## [Goal of the exercise]
Please keep the images out and set down the data exactly as given.

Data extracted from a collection

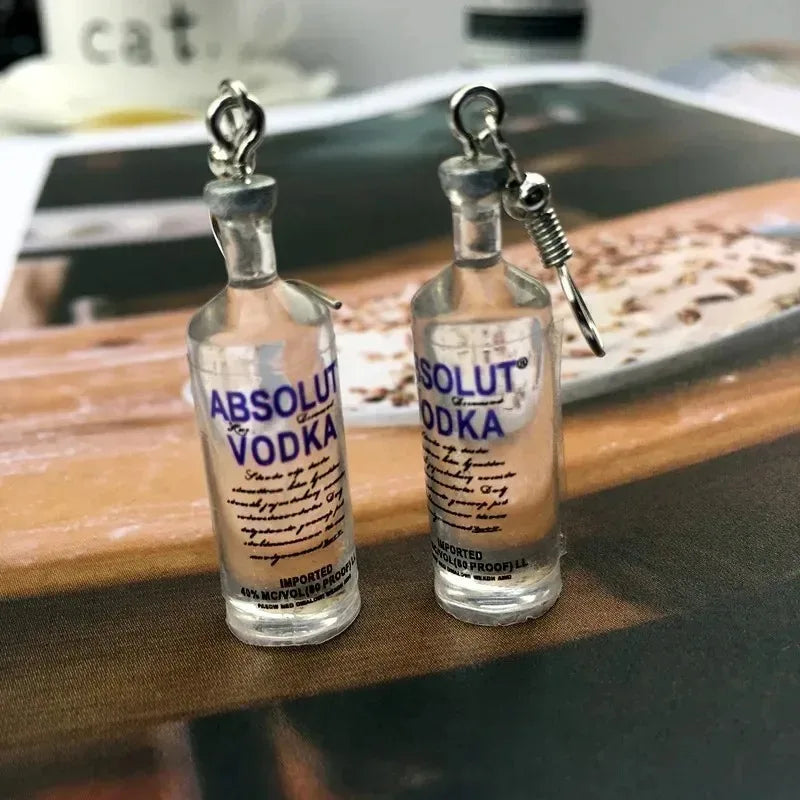 Vodka Earrings Beer Funny Weirdo Novel Personalized Girl Women Jewelry Accessories Fashion Pendant Gift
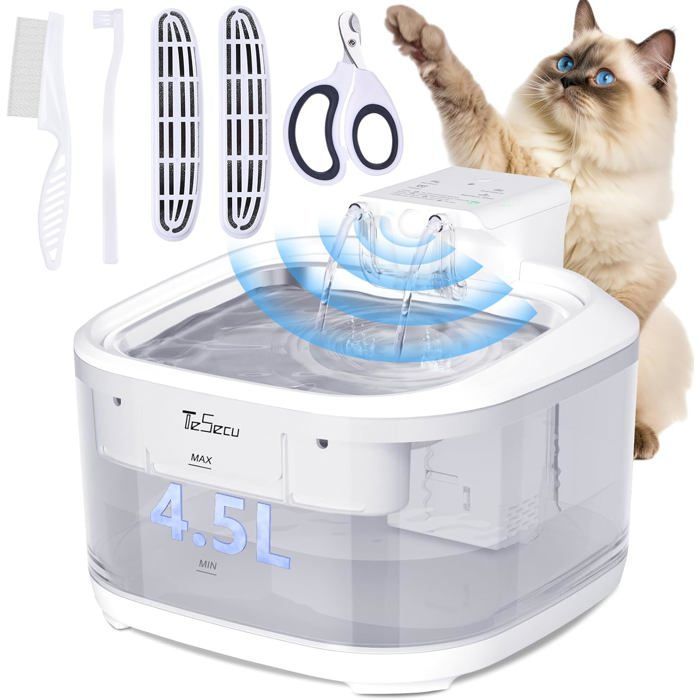 Comparer les prix de Fontaine A Eau Chat Sans Fil 45L Distributeur Eau Pour Chat Et Chien Automatique A Batterie 5000 Mah 3 Modes Detecteur De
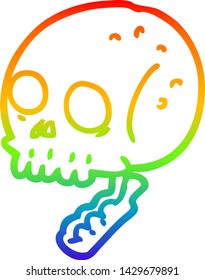 rainbow gradient line drawing of a cartoon spooky skull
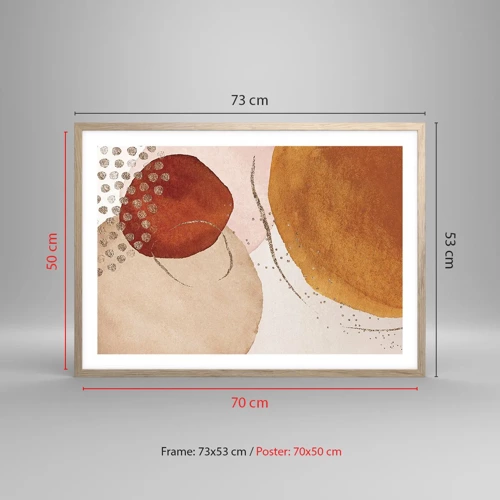 Plakat i ramme af lyst egetræ - Rundhed og bevægelse - 70x50 cm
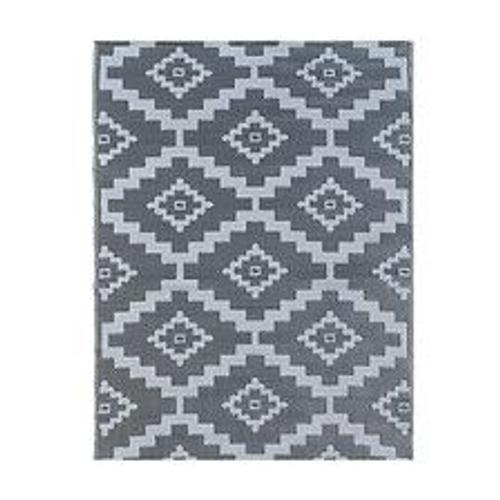 Tapis D'ext?Rieur En Plastique Tress? - 120x160cm - Gris - R?Versible - 100% Polypropyl?Ne - 400gr / M2 - Ajaccio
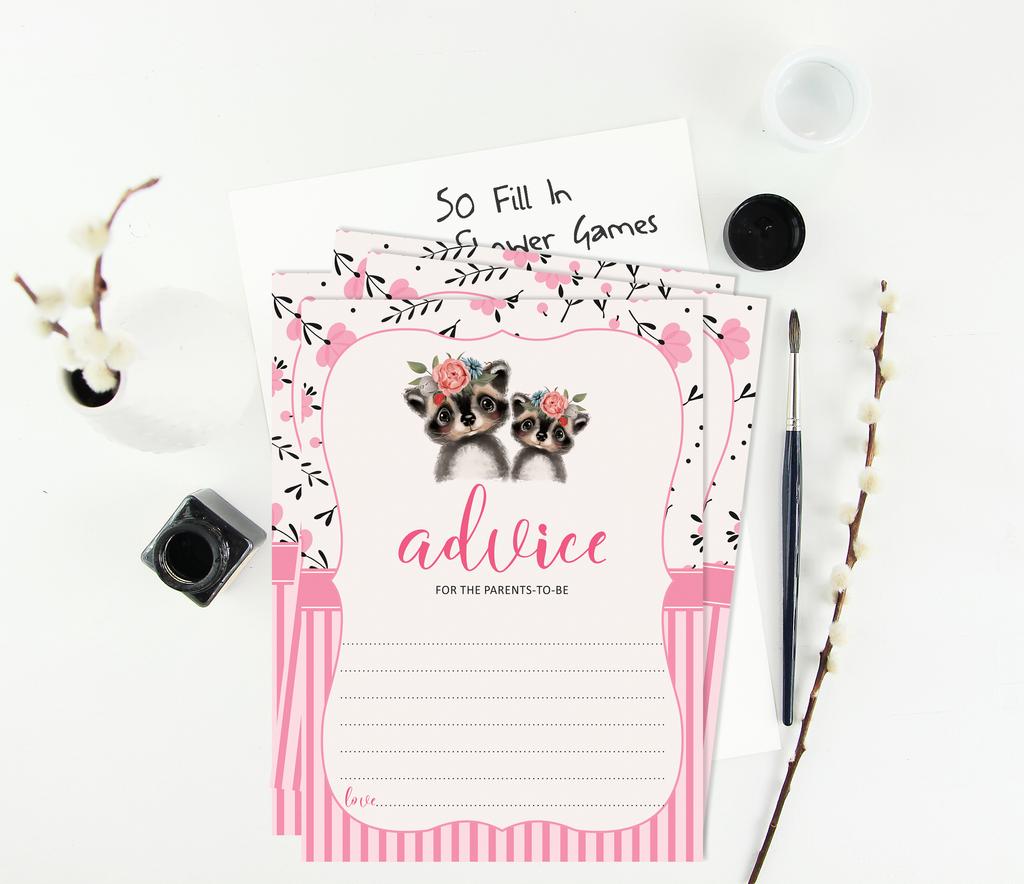 Inkdotpot Baby Shower Game Set Of 50 BabyA  AlphabetA  ABCA  Game Raccoon Jungle Animals Party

## [Exercise answer]
 Vodka Earrings Beer Funny Weirdo Novel Personalized Girl Women Jewelry Accessories Fashion Pendant Gift
 Comparer les prix de Fontaine A Eau Chat Sans Fil 45L Distributeur Eau Pour Chat Et Chien Automatique A Batterie 5000 Mah 3 Modes Detecteur De
 rainbow gradient line drawing of a cartoon spooky skull
 Plakat i ramme af lyst egetræ - Rundhed og bevægelse - 70x50 cm
 Tapis D'ext?Rieur En Plastique Tress? - 120x160cm - Gris - R?Versible - 100% Polypropyl?Ne - 400gr / M2 - Ajaccio
 Inkdotpot Baby Shower Game Set Of 50 BabyA  AlphabetA  ABCA  Game Raccoon Jungle Animals Party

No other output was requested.